[Data records Boundary: Start]
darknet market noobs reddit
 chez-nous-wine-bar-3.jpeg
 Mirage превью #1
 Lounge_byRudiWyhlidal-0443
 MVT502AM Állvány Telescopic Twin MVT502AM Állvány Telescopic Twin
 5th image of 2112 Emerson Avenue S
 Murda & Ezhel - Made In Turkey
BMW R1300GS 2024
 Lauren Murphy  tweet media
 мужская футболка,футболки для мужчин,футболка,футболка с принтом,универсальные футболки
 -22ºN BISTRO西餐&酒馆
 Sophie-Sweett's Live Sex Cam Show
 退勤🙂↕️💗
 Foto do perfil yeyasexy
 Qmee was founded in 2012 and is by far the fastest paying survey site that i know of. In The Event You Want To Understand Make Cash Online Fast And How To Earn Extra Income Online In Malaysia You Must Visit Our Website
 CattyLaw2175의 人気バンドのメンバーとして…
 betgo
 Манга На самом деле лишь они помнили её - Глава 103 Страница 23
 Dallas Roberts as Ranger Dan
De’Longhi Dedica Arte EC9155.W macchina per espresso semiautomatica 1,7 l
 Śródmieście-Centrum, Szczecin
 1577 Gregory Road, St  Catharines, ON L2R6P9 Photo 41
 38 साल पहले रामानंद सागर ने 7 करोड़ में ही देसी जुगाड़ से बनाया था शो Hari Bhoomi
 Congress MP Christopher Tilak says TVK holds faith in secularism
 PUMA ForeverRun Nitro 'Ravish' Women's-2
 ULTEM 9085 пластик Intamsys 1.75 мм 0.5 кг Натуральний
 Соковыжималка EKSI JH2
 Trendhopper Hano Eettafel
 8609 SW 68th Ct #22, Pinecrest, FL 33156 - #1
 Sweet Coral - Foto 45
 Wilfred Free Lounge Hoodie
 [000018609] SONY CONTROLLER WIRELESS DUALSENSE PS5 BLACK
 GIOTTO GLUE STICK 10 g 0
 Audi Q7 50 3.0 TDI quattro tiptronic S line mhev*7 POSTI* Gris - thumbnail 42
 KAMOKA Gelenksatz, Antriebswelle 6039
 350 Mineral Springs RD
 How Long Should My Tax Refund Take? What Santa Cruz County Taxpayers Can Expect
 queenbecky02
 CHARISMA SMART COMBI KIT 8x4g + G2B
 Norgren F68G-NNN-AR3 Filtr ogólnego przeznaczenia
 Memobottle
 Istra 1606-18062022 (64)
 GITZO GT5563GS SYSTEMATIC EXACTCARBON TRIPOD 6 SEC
[Data records Boundary: End]
- _What this task involves_:
Return exactly the lines from the beginning of the data above through the one containing "Istra 1606-18062022 (64)", please. Include both end lines and add nothing else.

- _Problem solution_:
darknet market noobs reddit
 chez-nous-wine-bar-3.jpeg
 Mirage превью #1
 Lounge_byRudiWyhlidal-0443
 MVT502AM Állvány Telescopic Twin MVT502AM Állvány Telescopic Twin
 5th image of 2112 Emerson Avenue S
 Murda & Ezhel - Made In Turkey
BMW R1300GS 2024
 Lauren Murphy  tweet media
 мужская футболка,футболки для мужчин,футболка,футболка с принтом,универсальные футболки
 -22ºN BISTRO西餐&酒馆
 Sophie-Sweett's Live Sex Cam Show
 退勤🙂↕️💗
 Foto do perfil yeyasexy
 Qmee was founded in 2012 and is by far the fastest paying survey site that i know of. In The Event You Want To Understand Make Cash Online Fast And How To Earn Extra Income Online In Malaysia You Must Visit Our Website
 CattyLaw2175의 人気バンドのメンバーとして…
 betgo
 Манга На самом деле лишь они помнили её - Глава 103 Страница 23
 Dallas Roberts as Ranger Dan
De’Longhi Dedica Arte EC9155.W macchina per espresso semiautomatica 1,7 l
 Śródmieście-Centrum, Szczecin
 1577 Gregory Road, St  Catharines, ON L2R6P9 Photo 41
 38 साल पहले रामानंद सागर ने 7 करोड़ में ही देसी जुगाड़ से बनाया था शो Hari Bhoomi
 Congress MP Christopher Tilak says TVK holds faith in secularism
 PUMA ForeverRun Nitro 'Ravish' Women's-2
 ULTEM 9085 пластик Intamsys 1.75 мм 0.5 кг Натуральний
 Соковыжималка EKSI JH2
 Trendhopper Hano Eettafel
 8609 SW 68th Ct #22, Pinecrest, FL 33156 - #1
 Sweet Coral - Foto 45
 Wilfred Free Lounge Hoodie
 [000018609] SONY CONTROLLER WIRELESS DUALSENSE PS5 BLACK
 GIOTTO GLUE STICK 10 g 0
 Audi Q7 50 3.0 TDI quattro tiptronic S line mhev*7 POSTI* Gris - thumbnail 42
 KAMOKA Gelenksatz, Antriebswelle 6039
 350 Mineral Springs RD
 How Long Should My Tax Refund Take? What Santa Cruz County Taxpayers Can Expect
 queenbecky02
 CHARISMA SMART COMBI KIT 8x4g + G2B
 Norgren F68G-NNN-AR3 Filtr ogólnego przeznaczenia
 Memobottle
 Istra 1606-18062022 (64)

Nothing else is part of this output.